__Task requirements__.
Transcribe word for word the section of the records below that opens with the line containing "Black V-Neck Women's" and closes with the line containing "TierraCast Succulent Post"; drop every picture.
Segment Start: Input material
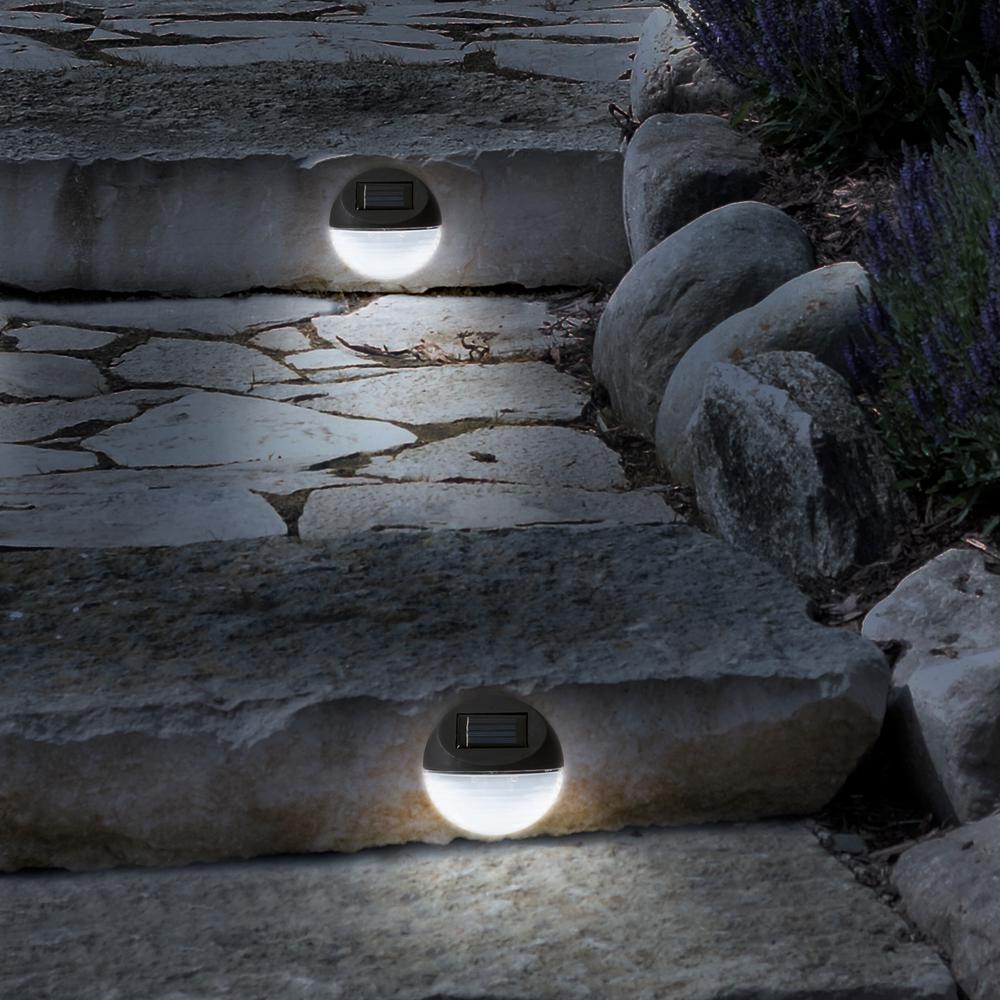 Pure Garden Solar Powered Black Round Led Light 4 Pack M150036 Solar Powered Black Round Led Light
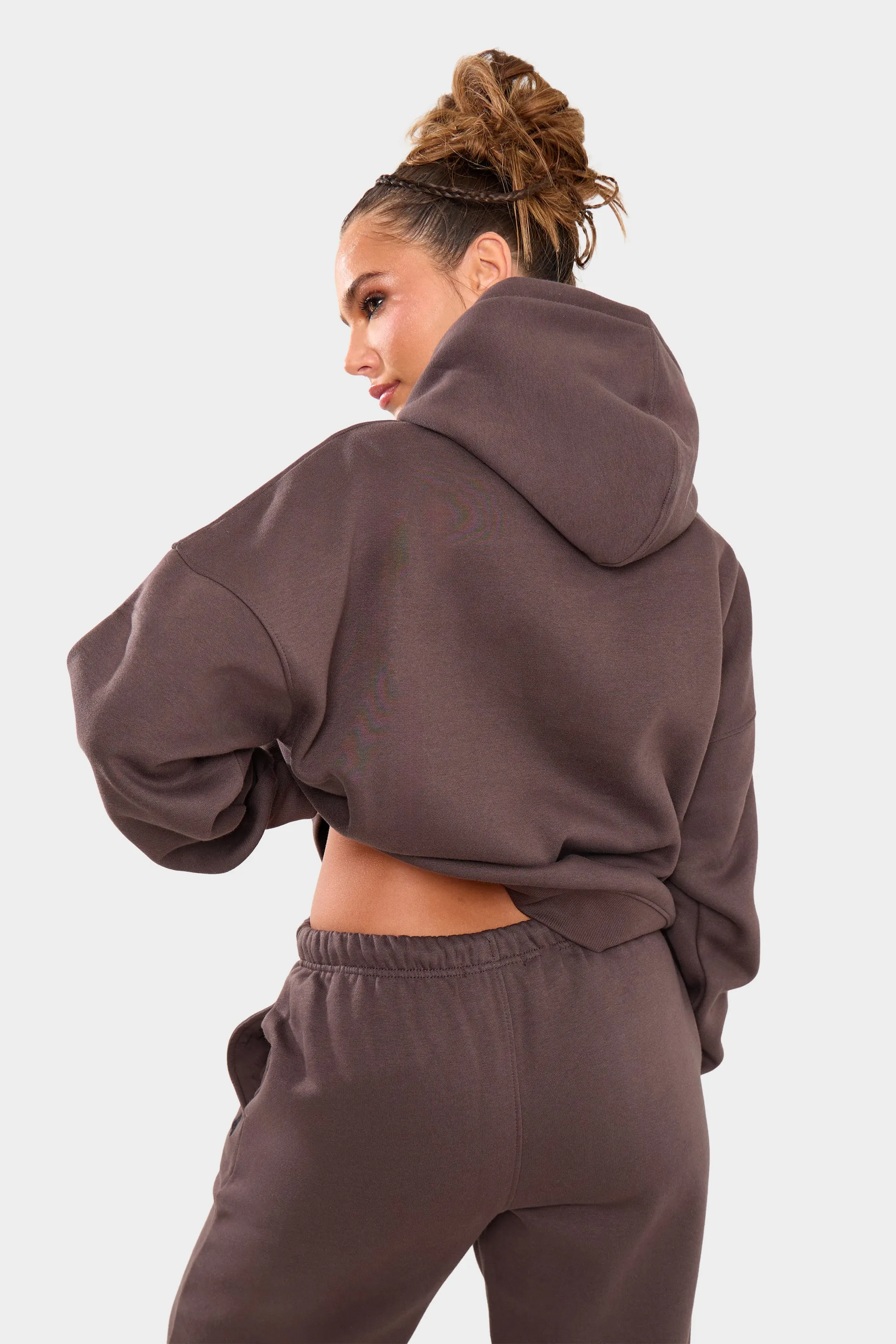 Kaiia Borg Slogan Oversized Hoodie Chocolate sold by Kaiia the label product image thumbnail 4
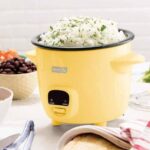 Compact lavender Dash rice cooker on kitchen counter with steamed rice.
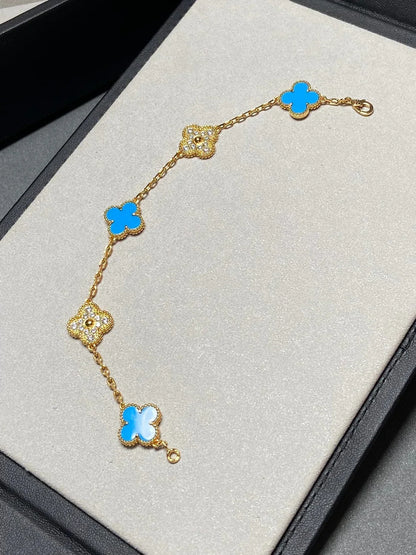 [OAKJURI Jewelry] CLOVER 5 MOTIF BLUE AGATE BRACELET COLLECTION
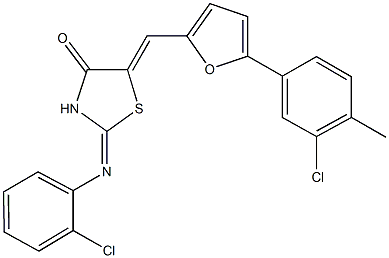 5-{[5-(3-chloro-4-methylphenyl)-2-furyl]methylene}-2-[(2-chlorophenyl)imino]-1,3-thiazolidin-4-one 구조식 이미지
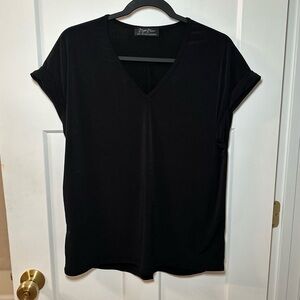 Black V-Neck Women's Top non wrinkle material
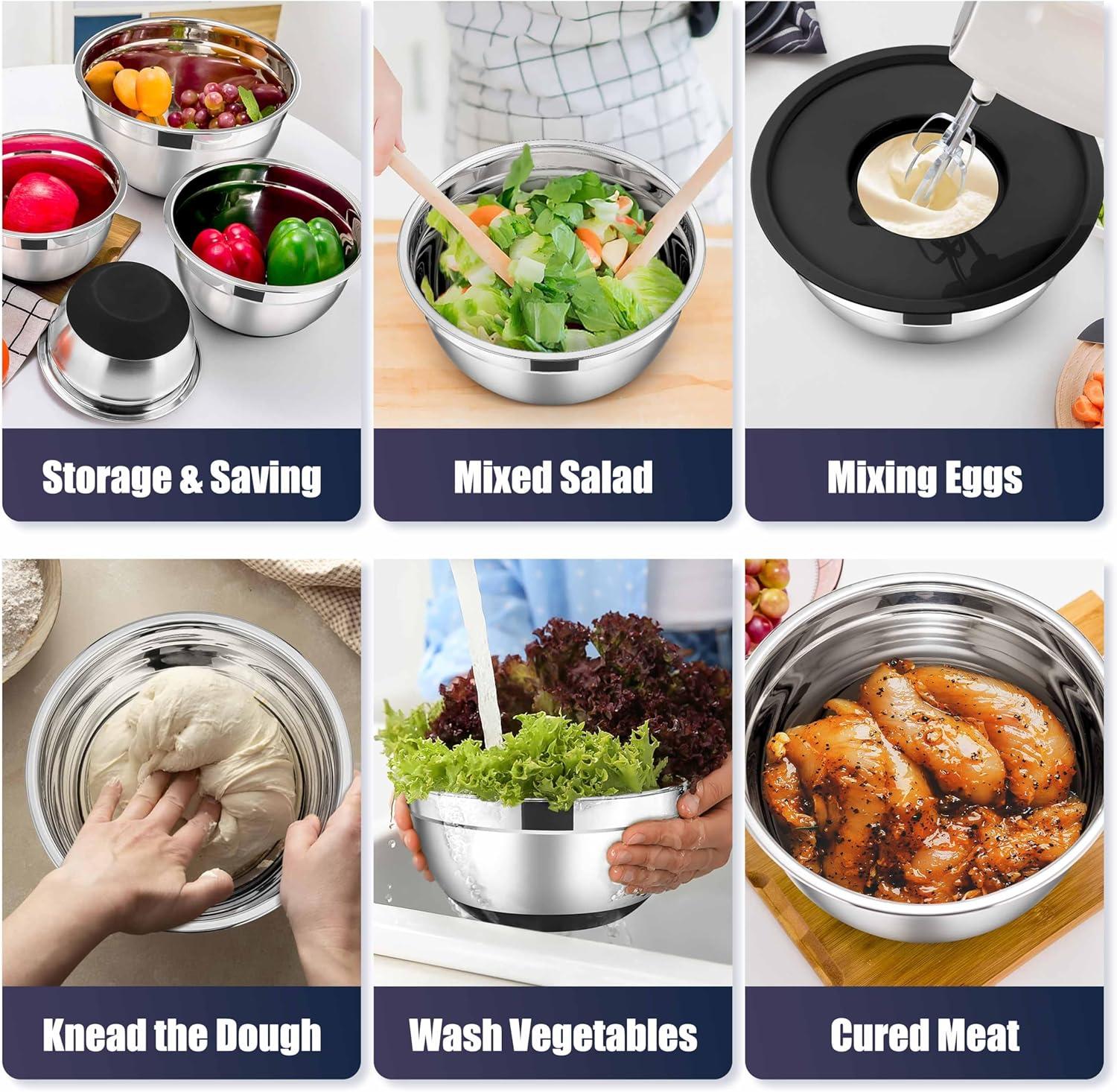 imageEfar Stainless Steel Mixing Bowls with Lids Set 5Piece Nesting Salad Bowls with 3 Grater Attachments and NonSlip Bottoms Size 46 26 2 15 1QT for Kitchen BlackBlack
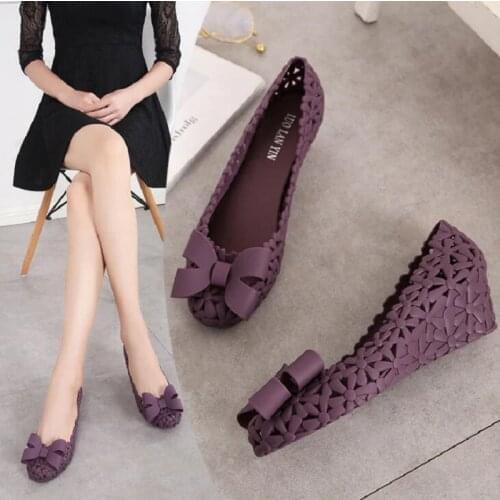 Women Summer Hollow Casual Rubber High Heel Shallow Butterfly Knot Wedges Flower Jelly Shoes Closed Toe Cut Out Sandals 20190326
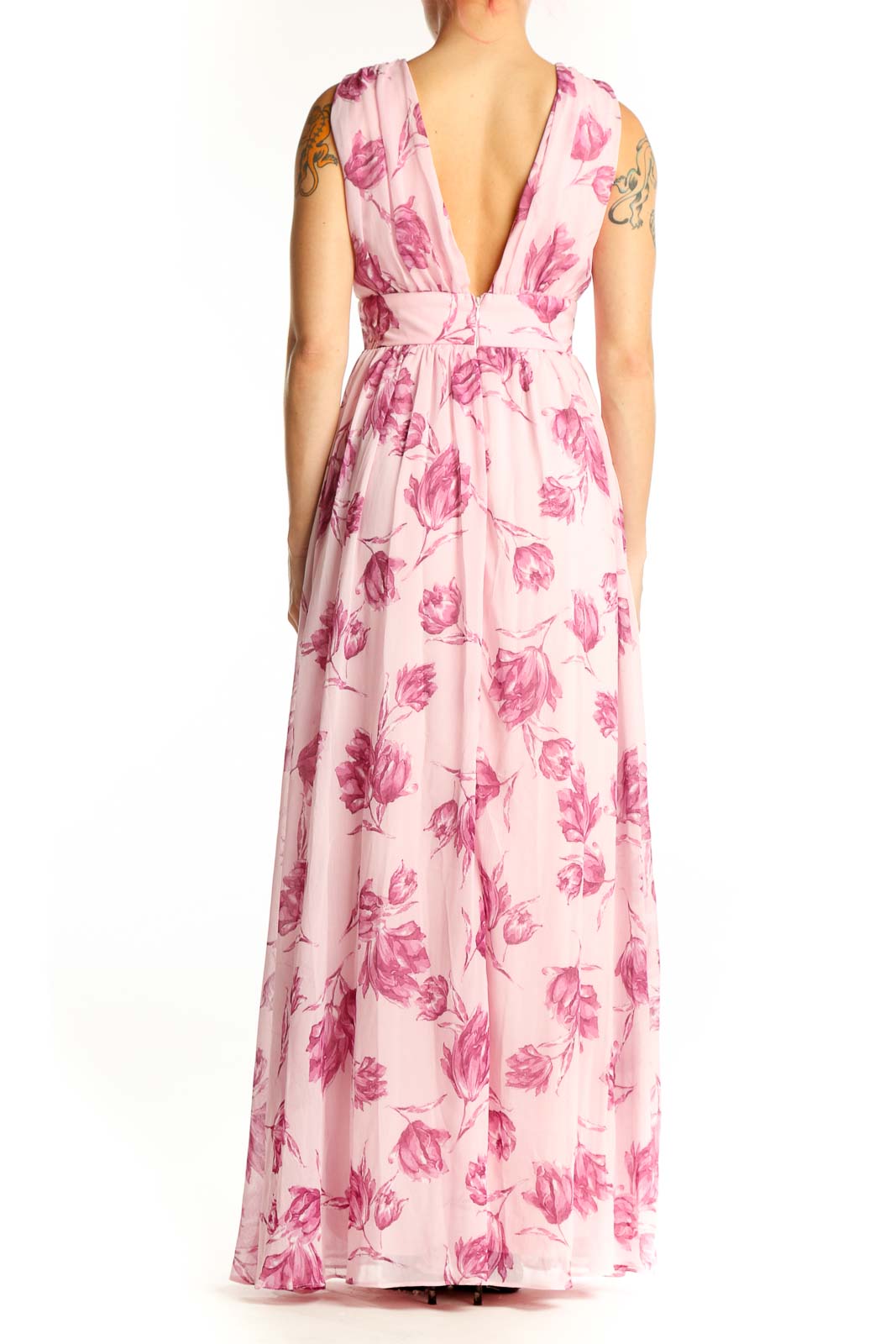 Pink floral V-neck sleeveless maxi dress with empire waist and flowing skirt, back view
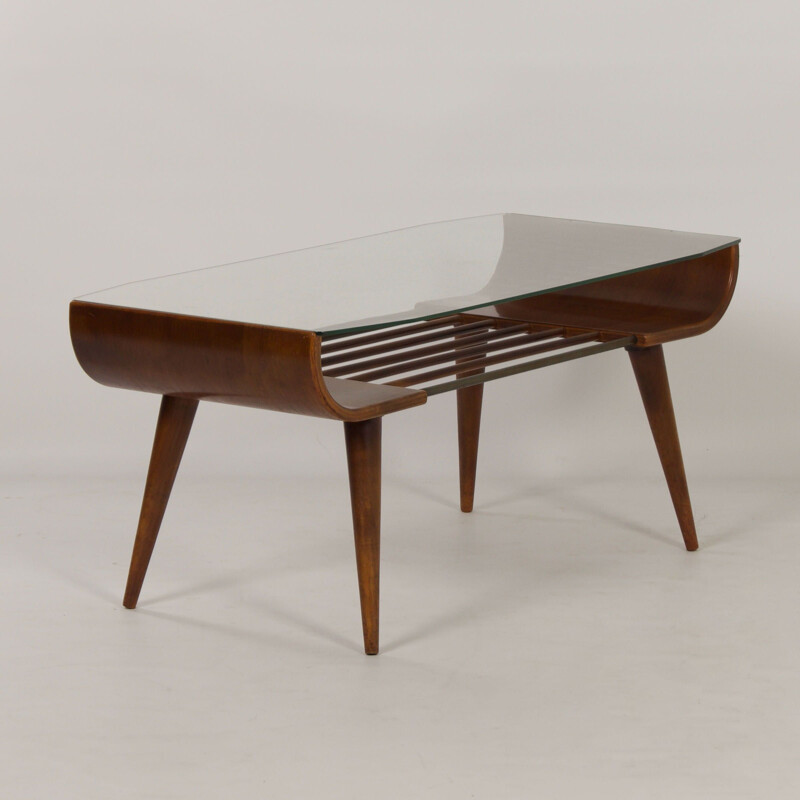 Mid century wood and glass coffee table by Cor Alons for Den Boer Gouda, 1960s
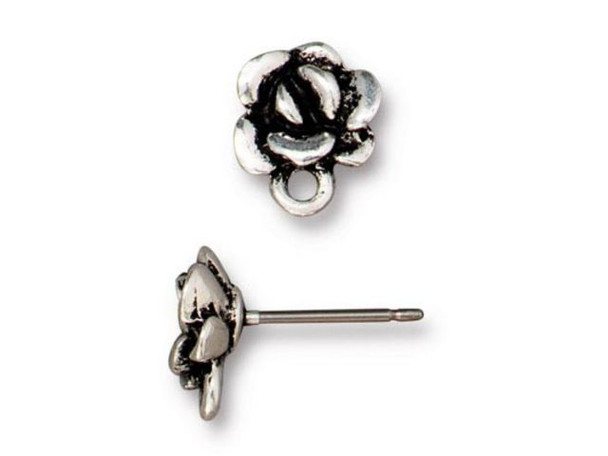 TierraCast Succulent Post Earring w Loop - Antiqued Silver Plated (pair)
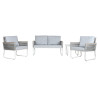 Conjunto de Mesa con 3 Sillones Home ESPRIT Gris Acero Policarbonato 1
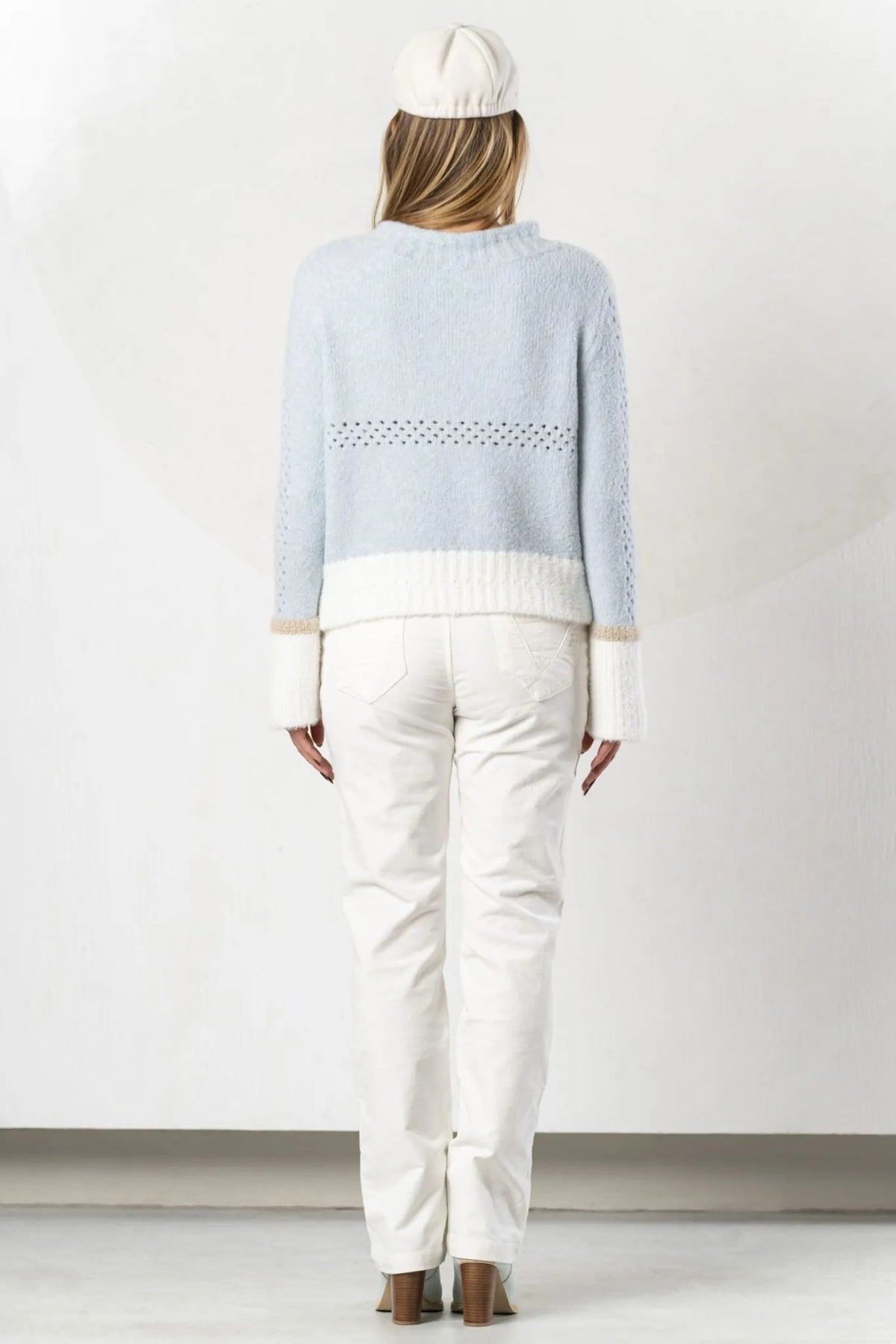Elisa Cavaletti Designer Powder Blue Faux Fur Sweater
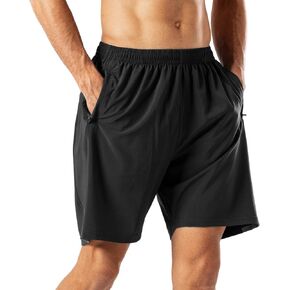 HMIYA Men's Casual Sports Quick Dry Workout Running or Gym Training Short with Zipper Pockets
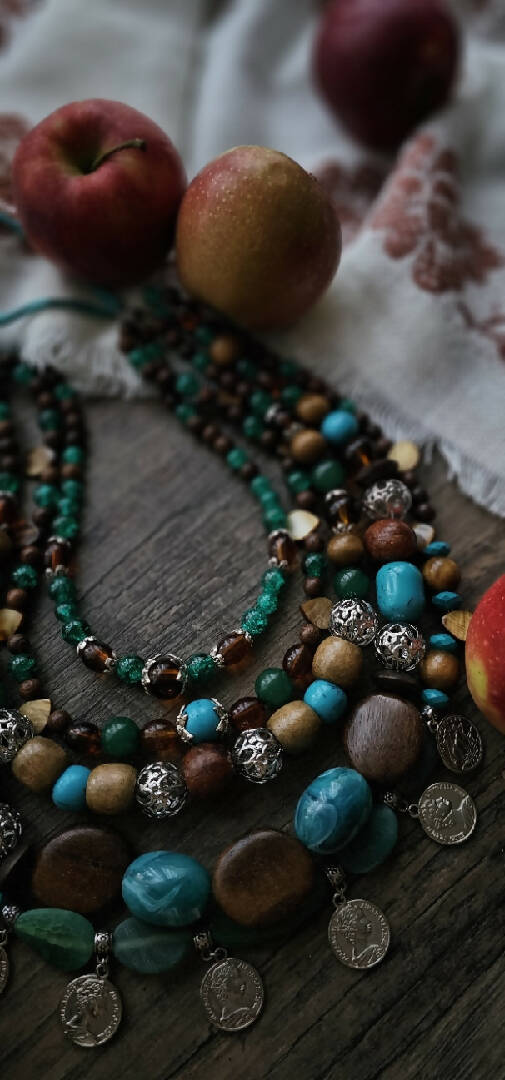 Large choker, Brown Teal necklace, Ethnic ukrainian necklace, Ukraine namysto, Statement red necklace, Vyshyvanka accessory, Made in UkraineMade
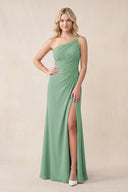 One - Shoulder Sheath Chiffon Ruched Bridesmaid Dress in Sea Glass - SHE IS ME Bridesmaid Dresses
Segment End: Input material
__Exercise response__.
 Black V-Neck Women's Top non wrinkle material
 imageEfar Stainless Steel Mixing Bowls with Lids Set 5Piece Nesting Salad Bowls with 3 Grater Attachments and NonSlip Bottoms Size 46 26 2 15 1QT for Kitchen BlackBlack
 Women Summer Hollow Casual Rubber High Heel Shallow Butterfly Knot Wedges Flower Jelly Shoes Closed Toe Cut Out Sandals 20190326
 Pink floral V-neck sleeveless maxi dress with empire waist and flowing skirt, back view
 Mid century wood and glass coffee table by Cor Alons for Den Boer Gouda, 1960s
 TierraCast Succulent Post Earring w Loop - Antiqued Silver Plated (pair)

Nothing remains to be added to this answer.